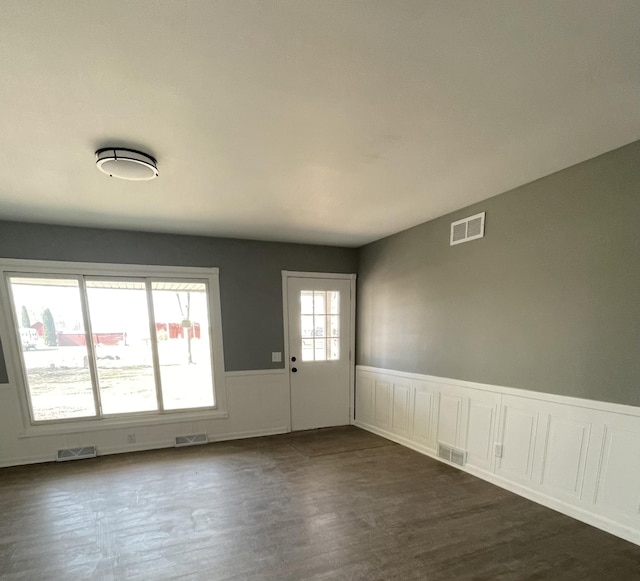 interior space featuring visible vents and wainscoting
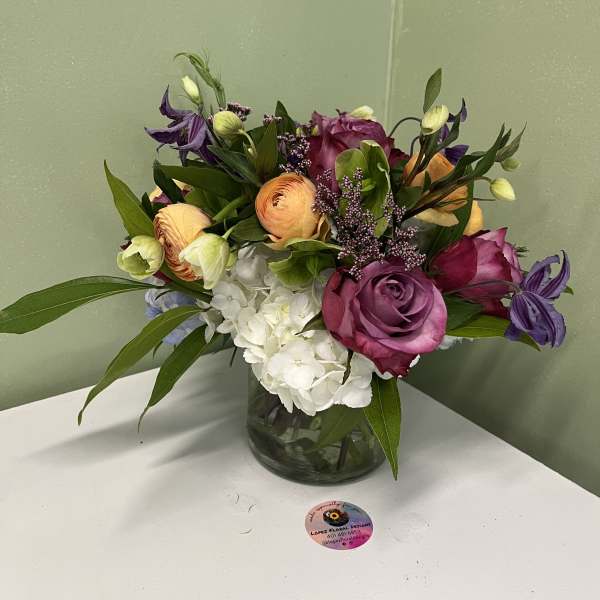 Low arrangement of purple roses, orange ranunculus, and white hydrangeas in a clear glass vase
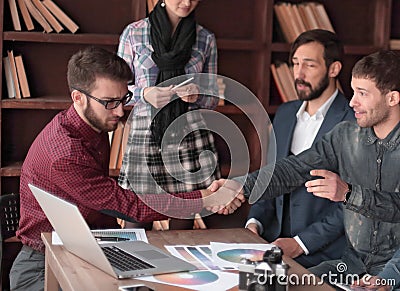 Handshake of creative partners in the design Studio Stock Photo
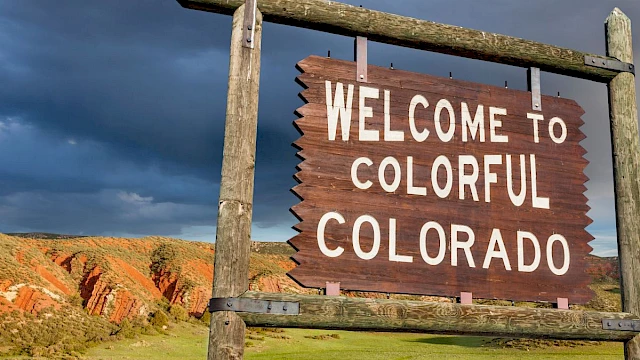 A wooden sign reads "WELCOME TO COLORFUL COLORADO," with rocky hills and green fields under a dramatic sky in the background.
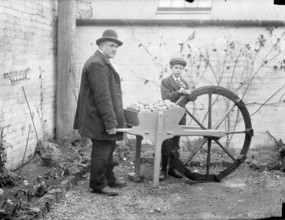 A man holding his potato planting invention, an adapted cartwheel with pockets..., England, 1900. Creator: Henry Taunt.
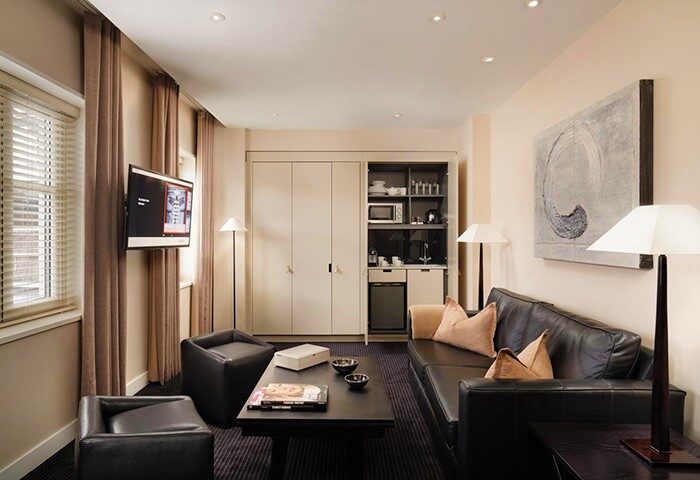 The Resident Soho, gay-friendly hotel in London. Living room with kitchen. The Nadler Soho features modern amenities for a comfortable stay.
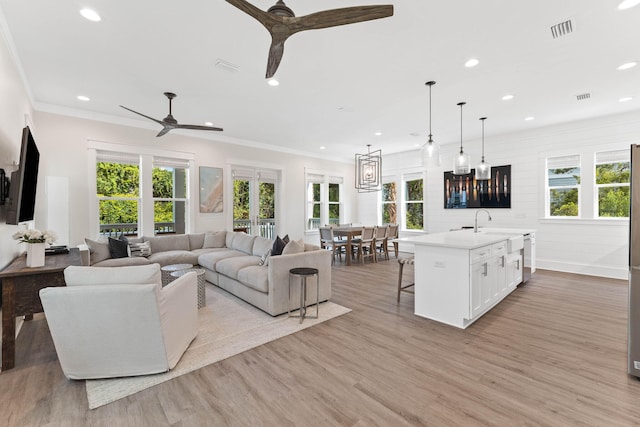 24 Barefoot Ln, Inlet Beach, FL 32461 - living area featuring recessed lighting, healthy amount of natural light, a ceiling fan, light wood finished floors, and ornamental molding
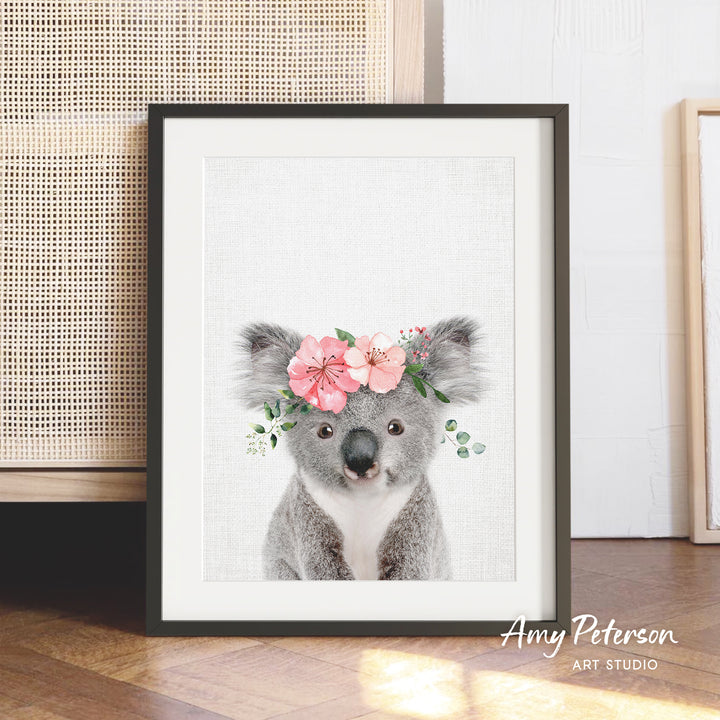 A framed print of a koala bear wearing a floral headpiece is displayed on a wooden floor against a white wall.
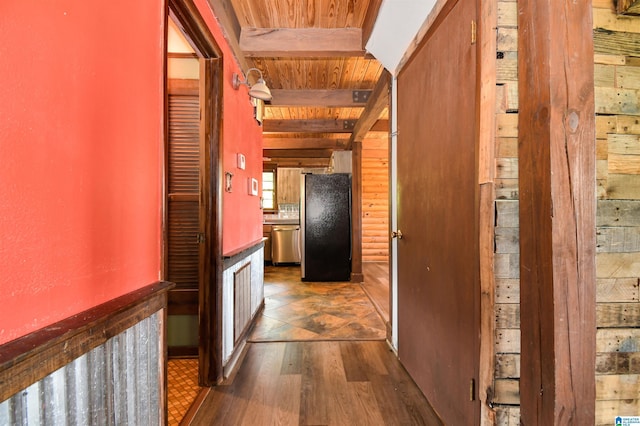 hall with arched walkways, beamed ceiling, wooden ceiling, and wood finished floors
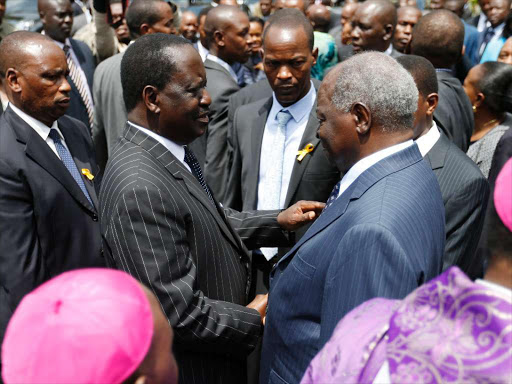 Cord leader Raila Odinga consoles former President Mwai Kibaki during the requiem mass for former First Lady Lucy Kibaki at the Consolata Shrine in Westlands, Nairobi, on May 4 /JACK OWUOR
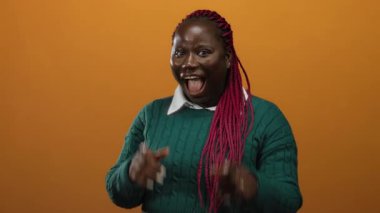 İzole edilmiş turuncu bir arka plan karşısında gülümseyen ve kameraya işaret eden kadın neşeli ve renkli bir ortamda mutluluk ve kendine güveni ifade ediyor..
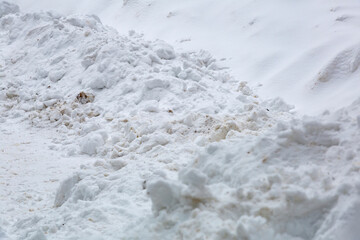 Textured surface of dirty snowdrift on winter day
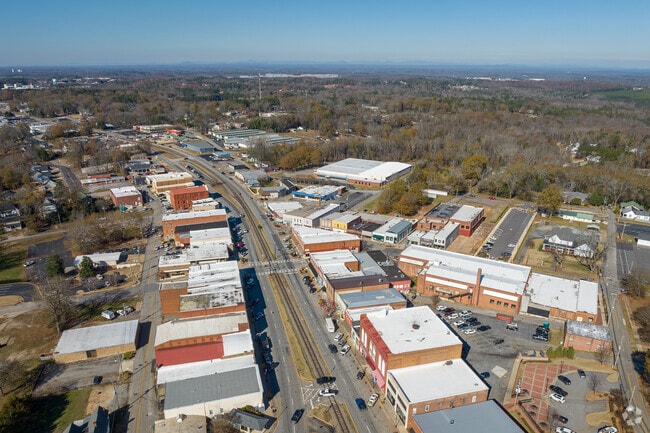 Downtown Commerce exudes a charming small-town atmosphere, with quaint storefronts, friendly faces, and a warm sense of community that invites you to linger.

■ About this exercise: Please retype every record above exactly, leaving out the pictures.

■ Task result:
 interior space featuring visible vents and wainscoting
 Low arrangement of purple roses, orange ranunculus, and white hydrangeas in a clear glass vase
 Handshake of creative partners in the design Studio Stock Photo
 A wooden sign reads "WELCOME TO COLORFUL COLORADO," with rocky hills and green fields under a dramatic sky in the background.
 A man holding his potato planting invention, an adapted cartwheel with pockets..., England, 1900. Creator: Henry Taunt.
 The Resident Soho, gay-friendly hotel in London. Living room with kitchen. The Nadler Soho features modern amenities for a comfortable stay.
 24 Barefoot Ln, Inlet Beach, FL 32461 - living area featuring recessed lighting, healthy amount of natural light, a ceiling fan, light wood finished floors, and ornamental molding
 A framed print of a koala bear wearing a floral headpiece is displayed on a wooden floor against a white wall.
 hall with arched walkways, beamed ceiling, wooden ceiling, and wood finished floors
 Cord leader Raila Odinga consoles former President Mwai Kibaki during the requiem mass for former First Lady Lucy Kibaki at the Consolata Shrine in Westlands, Nairobi, on May 4 /JACK OWUOR
 İzole edilmiş turuncu bir arka plan karşısında gülümseyen ve kameraya işaret eden kadın neşeli ve renkli bir ortamda mutluluk ve kendine güveni ifade ediyor..
 Textured surface of dirty snowdrift on winter day
 Downtown Commerce exudes a charming small-town atmosphere, with quaint storefronts, friendly faces, and a warm sense of community that invites you to linger.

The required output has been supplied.